The Snow fell thick and fast last night. I sat in my living room and watched the transformation. Everything appears newly born and uncovered. It made me think of the relationship that I have with the Burns songs I am recording. The words and melody are there, and have been for a very long time, but I want to sing them with fresh heart - to lightly dust fresh snow on ancient lands.

It has taken a long time for my heart to move on from a Parcel O Rogues. I have been twisting this way and that, playing around with songs, melodies and instrumentation. Finally, feeling completely lost, I posted a question on Facebook asking for some guidance.. "any favourite Burns songs out there?" I had told myself that I would record whatever the first song was that came back to me. It seemed as good a way as any to choose - to let the universe decide. Back came Elaine Robertson, an old school mate from thirty years ago, quick and simple, with the song - "Ay Waukin' O" . Thank you Elaine.

So here we go again.

I first approached this song as a woman who has lost her lover - who is now alone and grieving - blurring her eyes wi' weepin' - so says the song. Try as I might though, with every note I sing, I feel joy. The bliss of anticipation. The sweet sadness that brief parting holds. And now I know.

I am lying in bed, chasing sleep with foolish hope. The church clock strikes and another hour is taken from me. It is in these quiet hours that race and yet lengthen that I can be most present. All is silent - all is my love - all is now.

As with A Parcel O Rogues, this song also features the piano. I tend to get the chord structure there, letting my hands fall until my heart pulls. Once the foundation chords are there, I record the piano and lead vocal. The rest of the instrumentation should be carefully chosen and dance around the song without disturbing the equilibrium. Oh yes - and harmonies - only a couple sparingly placed. The song will let me know when it's ready. That much I have learned - to listen to the song and what it's saying, however much the ego is tempted to promenade!

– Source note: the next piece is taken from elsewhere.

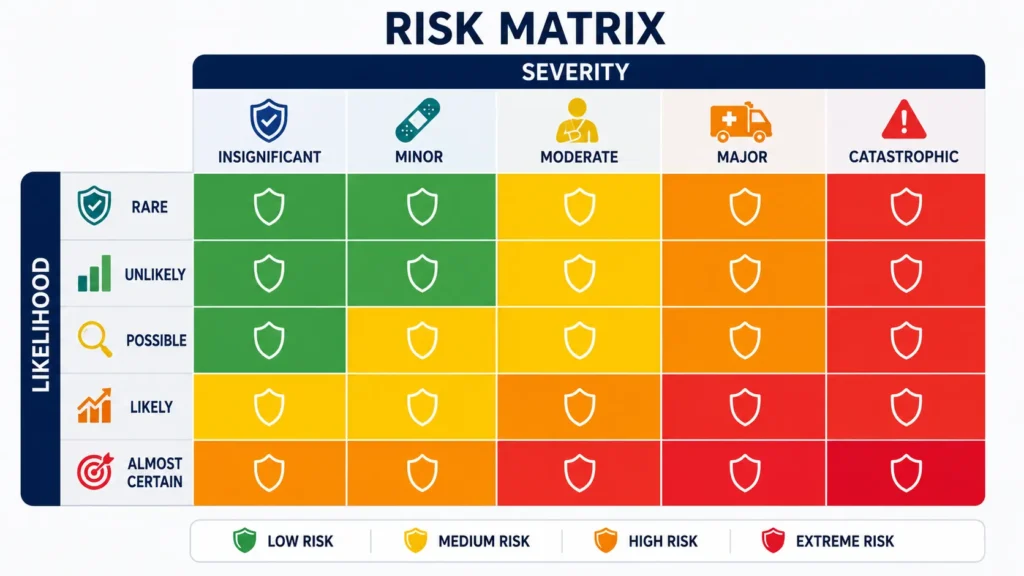 Risk matrix infographic design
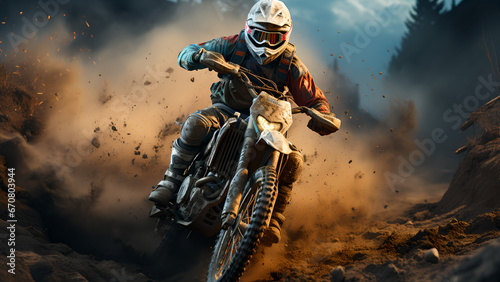 "Illustration of a person doing motocross, extreme sports illustration."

This is a joyful journey - an album of the twilight hour. I was reading Neil Gunn's "The other Landscape" yesterday and came upon these beautiful words that best describe that place betwixt one world and another.

"Many are susceptible to the peculiar power of the twilight particularly in lonely places. Two orders of being - the visible and the invisible, pause on the doorstep of this grey hour"

It is a pleasure and an honour to unveil that voice which comes from me, but is not of me. My mother often tells me that my Grandfather dearly loved Robert Burns, committing many poems and songs to memory. Though we never met, I feel his warm hand on my shoulder ..................."Aye, you're doin fine lass, keep goin'"

Parcel of Rogues

Recording the vocal for Parcel of Rogues. Six hours later and I'm still searching for the spirit of the song. I was so sure that I had the voice when I was singing in the car or round the house, but as soon as I have to be completely at one with the piano part and connect, I feel lost. I will try to explain.

In every song there is a spirit that want to sing through me. I am just the channel. This spirit is a woman in her early forties, but feels much older. She is gracious and sad. The girl still sings in her heart, but experience has arrested her instincts. She knows the soil and the stillness of the land. She watches progress and grows weary with the dying of the old ways. The land is flesh of her flesh and bone of her bone.